Could this be related to the microphone issue mentioned earlier?
@vic.yang Could you help troubleshoot whether the delay was caused by a Zoom SDK problem, a network issue, or resource limitations on the client side (e.g., memory or CPU usage)?
@vic.yang Could you help investigate the issue where both the microphone and speaker are not accessible for the RECORDING_BOT when starting audio with the speakerOnly option set to true in the following sessions:
After analyzing the logs, these two BOT users did not successfully start audio, possibly due to the browser’s autoplay policy requiring user interaction.
You can listen for the auto-play-audio-failed event.
If you’re using Puppeteer, consider adding the launch flag --autoplay-policy=no-user-gesture-required.
@vic.yang Do you know why this happens randomly with the same code? Could it be related to the timing of the startAudio call — maybe it’s being called too soon?"
If stream.startAudio is called immediately upon joining a session, it might fail. Use the auto-play-audio-failed event to get notified of this issue so you can prompt users to interact with the page to restore audio.
‘Called immediately upon joining a session’ here means there’s no opportunity for user interaction between joining the session and calling startAudio.
For more details on auto-play policy, you can refer to the documentation on MDN.
May I ask a bit more? Is it possible that startAudio sometimes doesn’t return an error directly, and instead we need to listen for the auto-play-audio-failed event? Similarly, for video — in cases where errors aren’t caught by startVideo,…— how should I handle those situations?
startAudio has a timeout mechanism — if it fails to join audio within 40 seconds, it will return a timeout error.
When auto-play requirements aren’t met, the Video SDK interrupts the join process and emits the auto-play-audio-failed event. In that event, simply guiding the user to interact with the page will allow the SDK to resume the join process.
startVideo doesn’t have this issue, as browsers don’t impose autoplay restrictions on video capture.
@vic.yang Continue follow the reason why BOT users sometimes fail to start audio:
it may be due to the browser’s autoplay policy, which requires user interaction before playing audio.
To start a BOT joining a meeting, we launch a separate EC2 instance for each BOT using a headless browser, which joins the meeting without any manual user interaction. However, this issue only occurs in rare cases — most BOT sessions do not encounter autoplay policy errors.
At this time, we haven’t been able to reliably reproduce the error, which makes it difficult to pinpoint and address the root cause with supporting evidence. Do you have any suggestions or recommendations that might help us investigate further? Thank you very much!
Our problem is that we haven’t been able to reproduce the error to confirm whether it’s actually caused by the autoplay policy (user-gesture-required). Because of this, we’re uncertain if adding --autoplay-policy=no-user-gesture-required will fully resolve the issue.

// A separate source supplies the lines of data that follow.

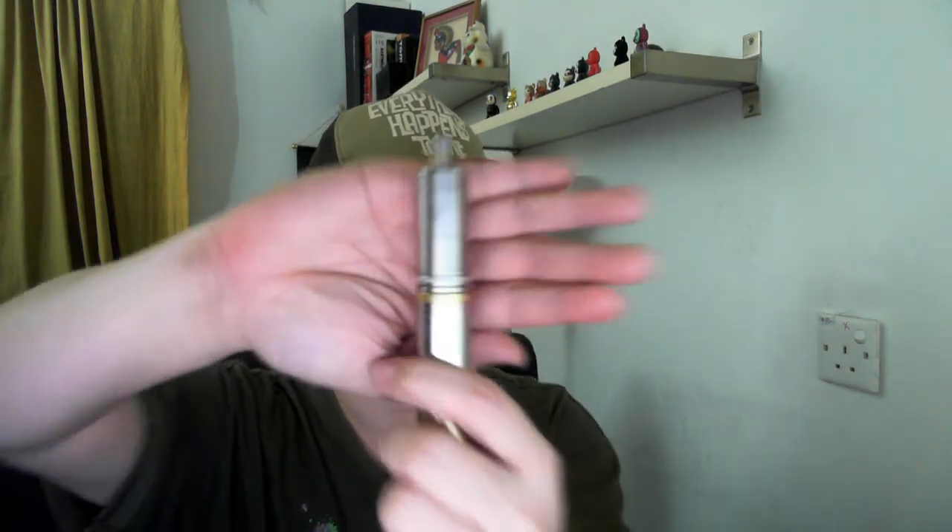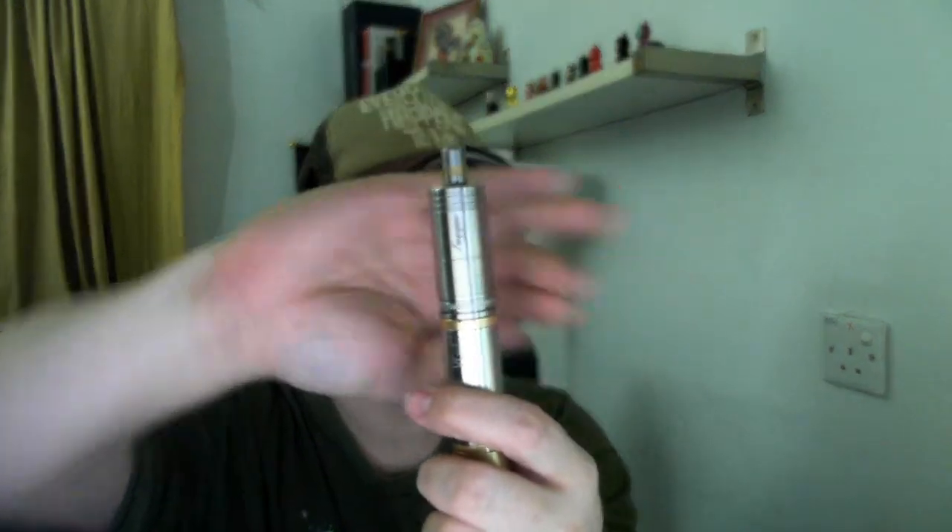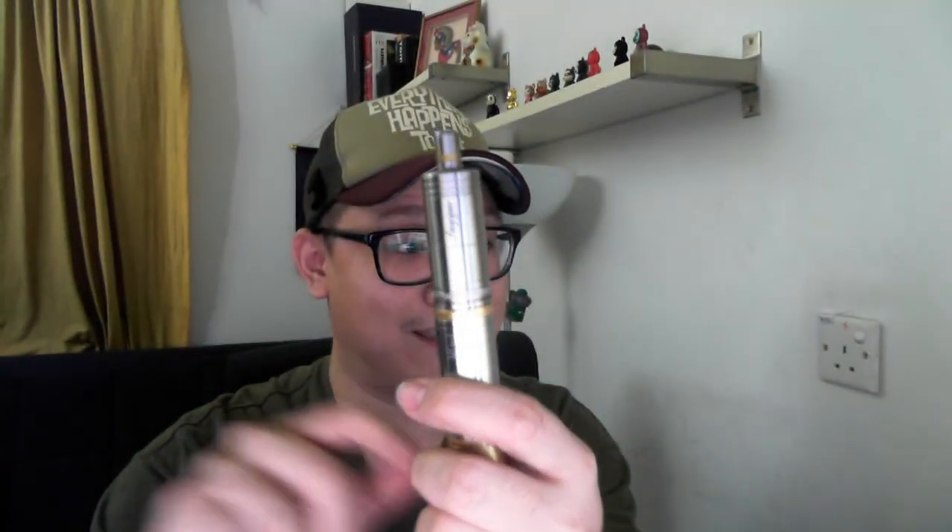Let's talk about some of the new gear I've gotten this week. The first thing I'm really excited about is this full stainless steel tank — it's a stainless steel tank for the Fogger v2. I got it for about 35 ringgit, which is about 10 US dollars, from a local seller.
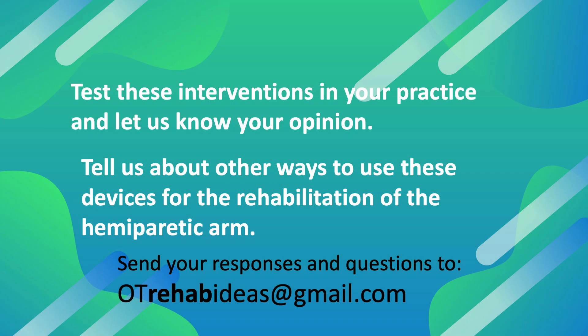Now that you have watched this video, we would like to hear from you. We would like for you to test these interventions in your practice and let us know your opinion, and tell us about other ways to use these devices for the rehabilitation of the hemiplegic arm. You can send your responses to otrehabideas@gmail.com.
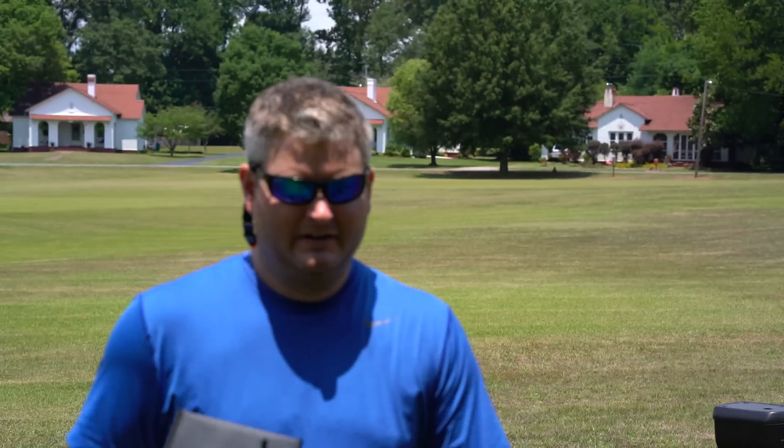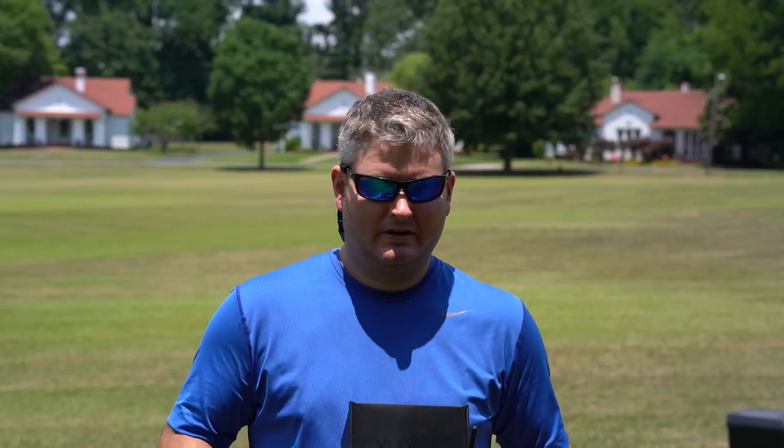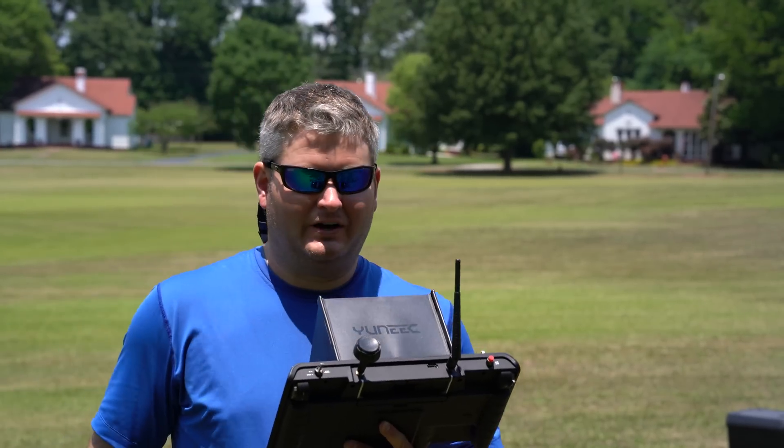The point of interest worked. No complaints with the Typhoon H point of interest feature. Worth mentioning, I did have to go into advanced mode before that feature would work. So just a heads up — if you try to do it and it says it won't work because it's not in advanced mode, that's why.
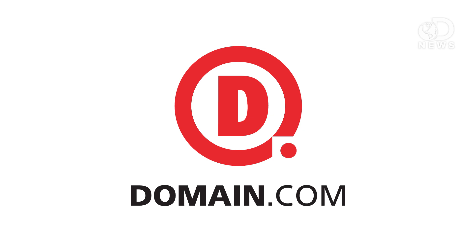This DNews episode is brought to you by Domain.com. What if you could live on Mars and not wear a space suit? Welcome to the world of terraforming!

In normal cases, when we check the autoplay policy via about://media-engagement, it already shows no-user-gesture-required—even without explicitly setting the flag.
Could you recommend the best practice for when to start audio?
Should we call startAudio immediately after joining the session, or wait for a specific event?
Is it safe to call stream.startAudio and stream.switchSpeaker in parallel?
Are there any potential issues, and what would be the recommended approach for this scenario?